We saw our first movie in months, “Lady in the Dark” because Otto likes Ginger Rogers and I like movies. We then came home to delve into Freud and have lived in a horrible state of psychoanalysis ever since…in which every mistake has some devious subconscious meaning. We have actually had very little luck however in resolving our neuroses because I can’t remember my dreams and Otto claims to have none. Perhaps we just don’t have any neuroses. The study is extremely interesting however, and we would be delighted to quote reasonable rates to our friends for complete analysis.

We had a wonderful day yesterday. Otto got his first sailing in since Europe. I think you met the Waltons here.…those two nice giants. Their boat is a dandy and the wind was perfect. Otto was in his glory.

We hear thru the grapevine that Camilla is coming along well and will probably be thru with casts and braces before too long. We are indeed happy for her. 
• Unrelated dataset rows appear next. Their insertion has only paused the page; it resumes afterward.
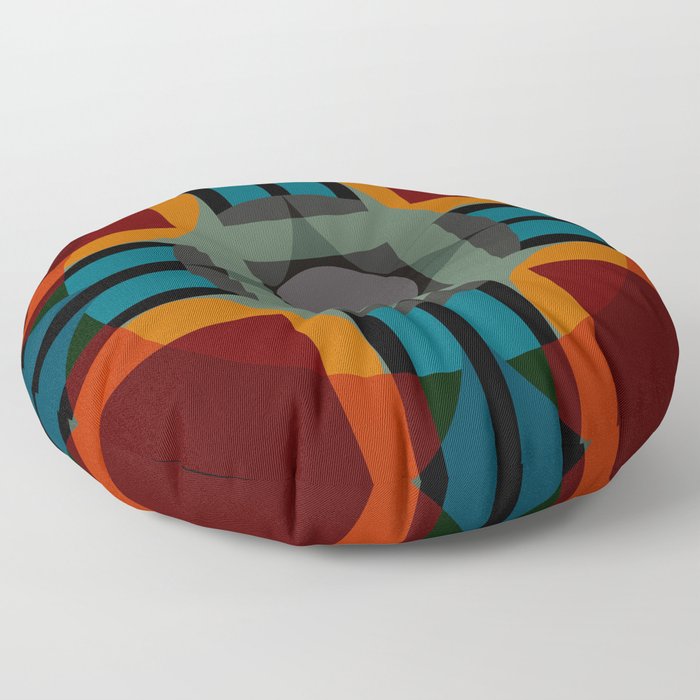 Abstract Dark Geometric Graphic Design Art - Chepi Floor Pillow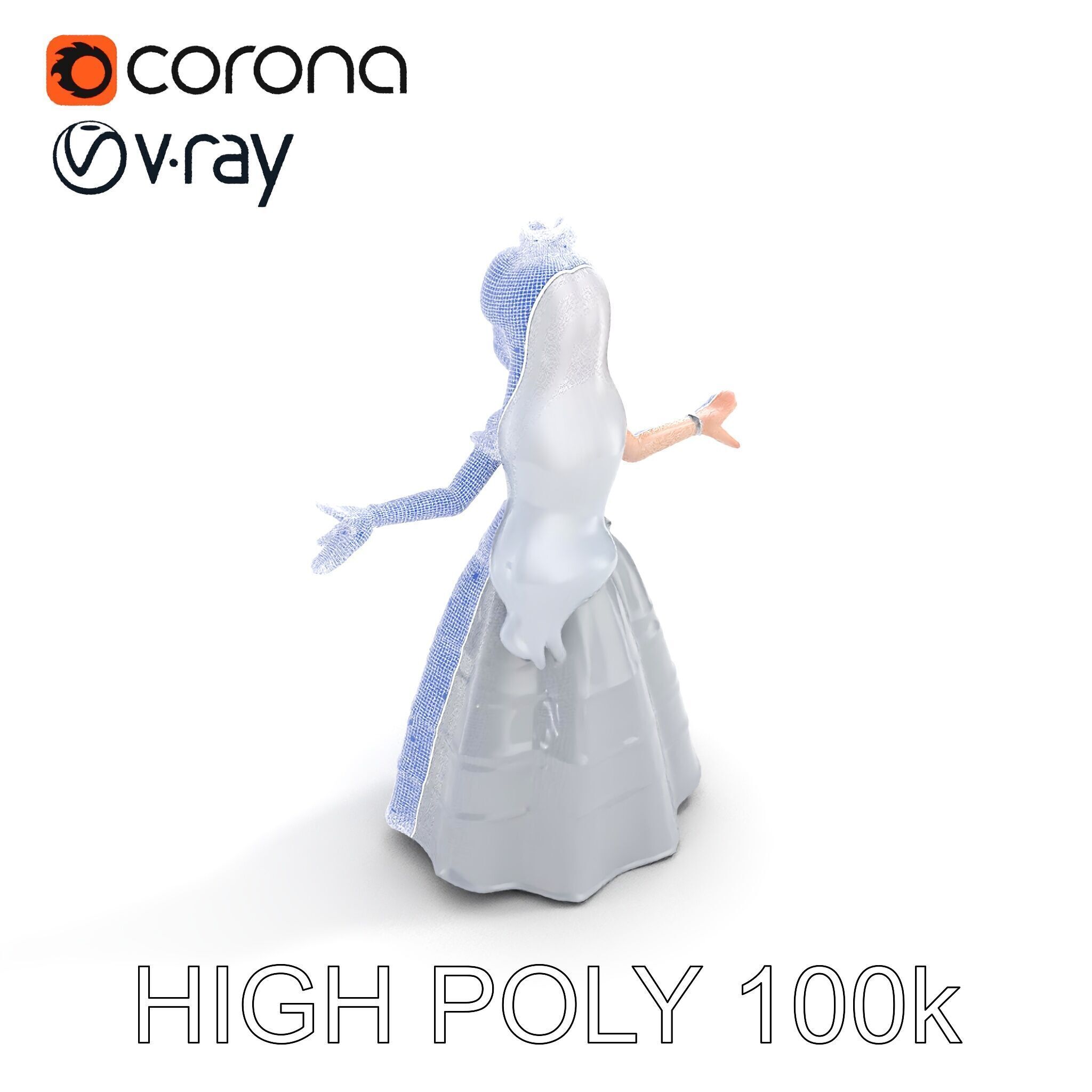 Elegant Princess Character Model Rigged and Animated  Low-poly 3D model_17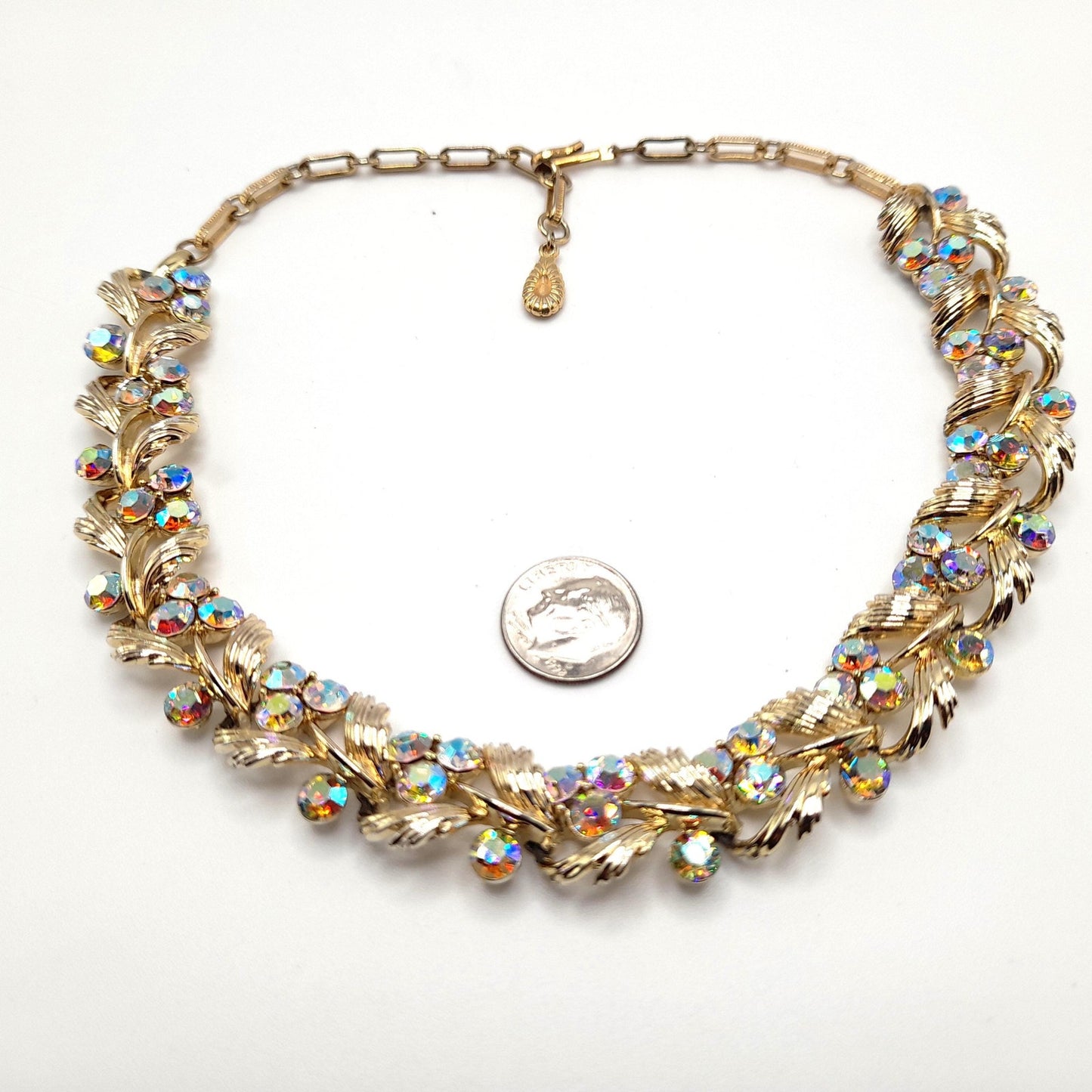 Vintage Lisner Aurora Borealis Rhinestone Choker Necklace, Gold Tone, 1950s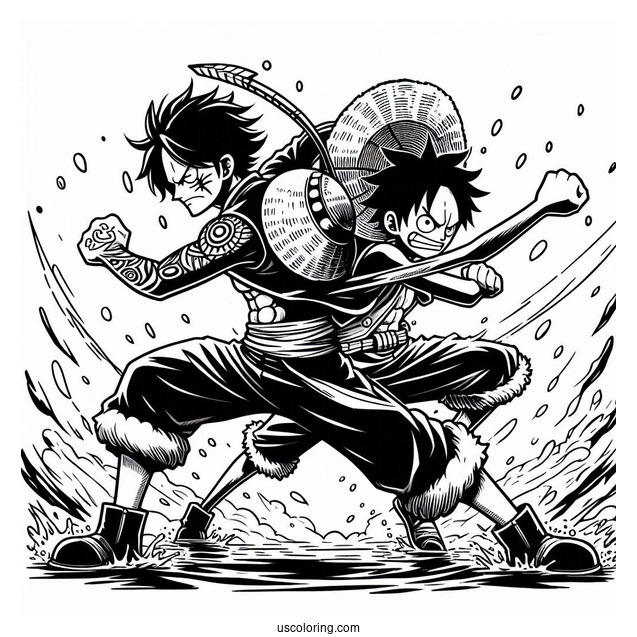 Luffy Coloring Page Fighting Back-To-Back With Ace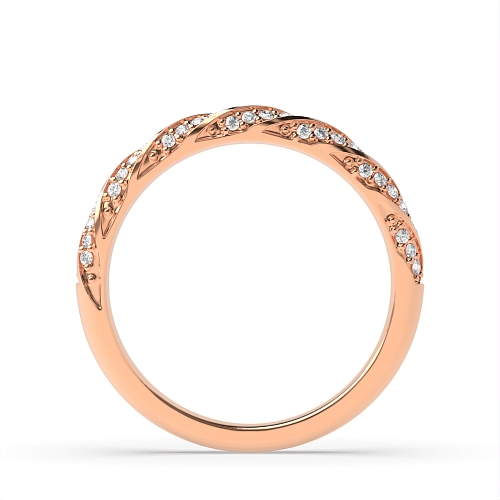 Pave Setting Round Rose Gold Wave style Eternity Diamond Rings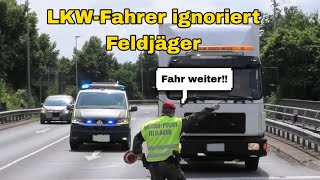 Feldjäger im Einsatz LKW Fahrer missachtet Zeichen von Soldat 2 Abmarsch Panzerpionierbataillon [upl. by Radke]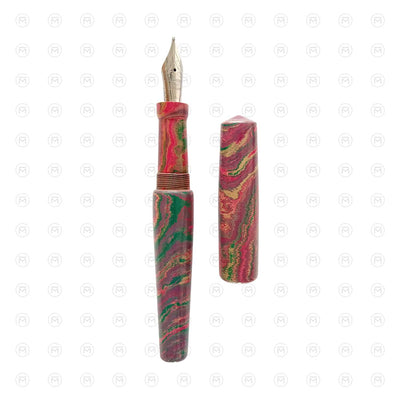 Ranga Abhimanyu Premium Ebonite Fountain Pen Pink Red Green Steel Nib 3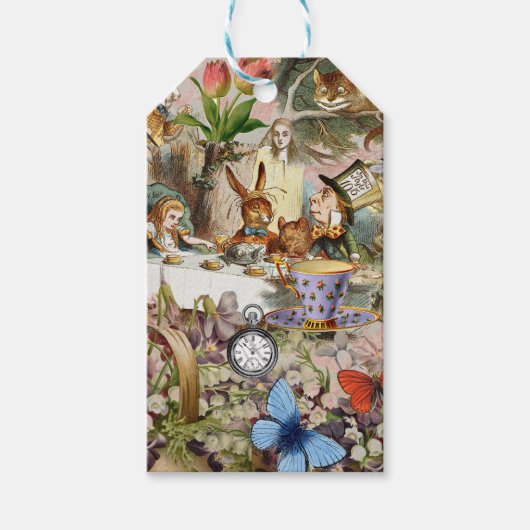 Alice in Wonderland Thee Feestje Kunst Cadeaulabel (Voorkant)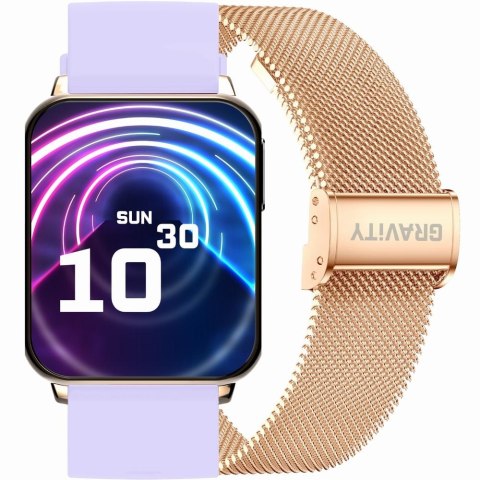 Smartwatch Gravity Różowe Złoto Fioletowy 2 Paski GT17-3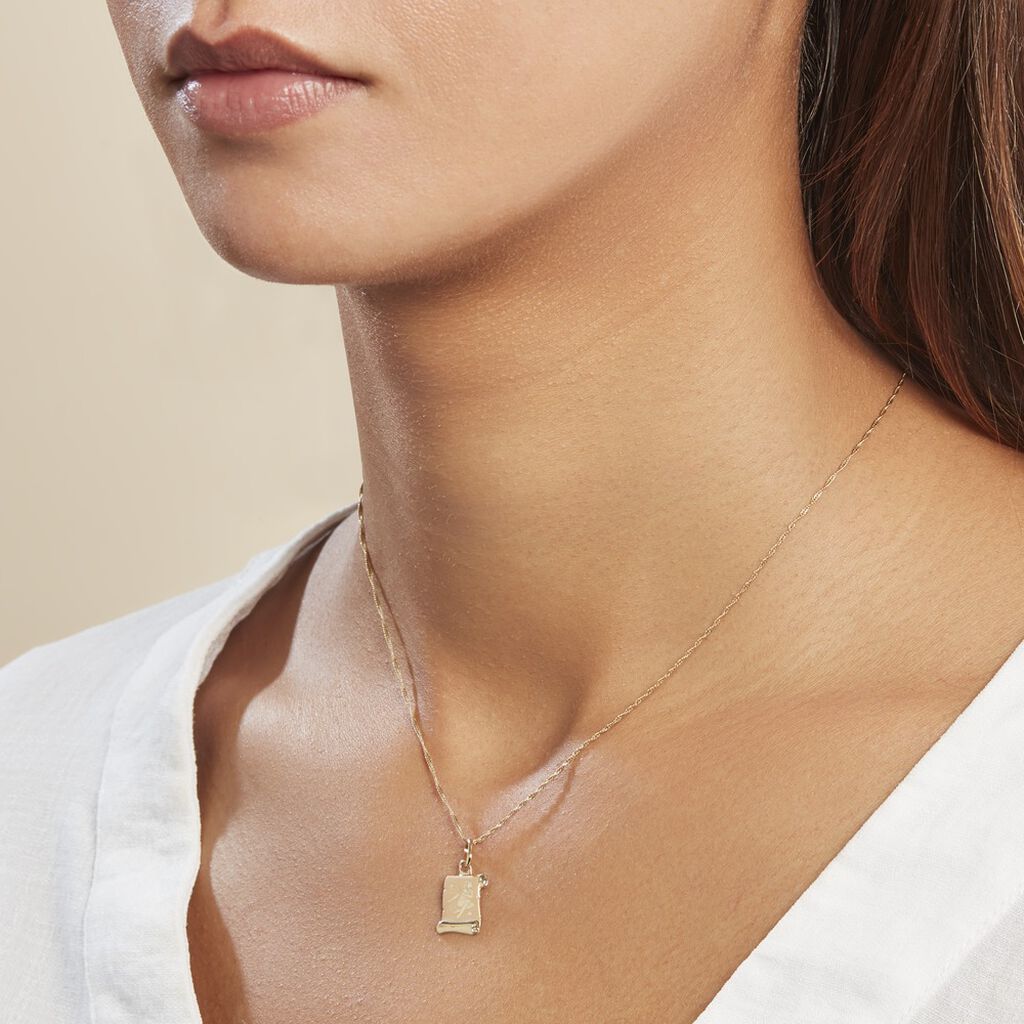 Pendentif Lamie Zodiaque Parchemin Or Jaune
We are thanking you for the job you did in pulling our potatoes last year for you missed a few and they are producing now. We will be happy to send you a bushel if you’d like.
We’ll send the socks right away whenever I can get some fudge think enough to hold its shape even where it’s cold. This atmosphere is very bad for fudge making. If the socks aren’t G.I. perhaps you can trade them to the natives.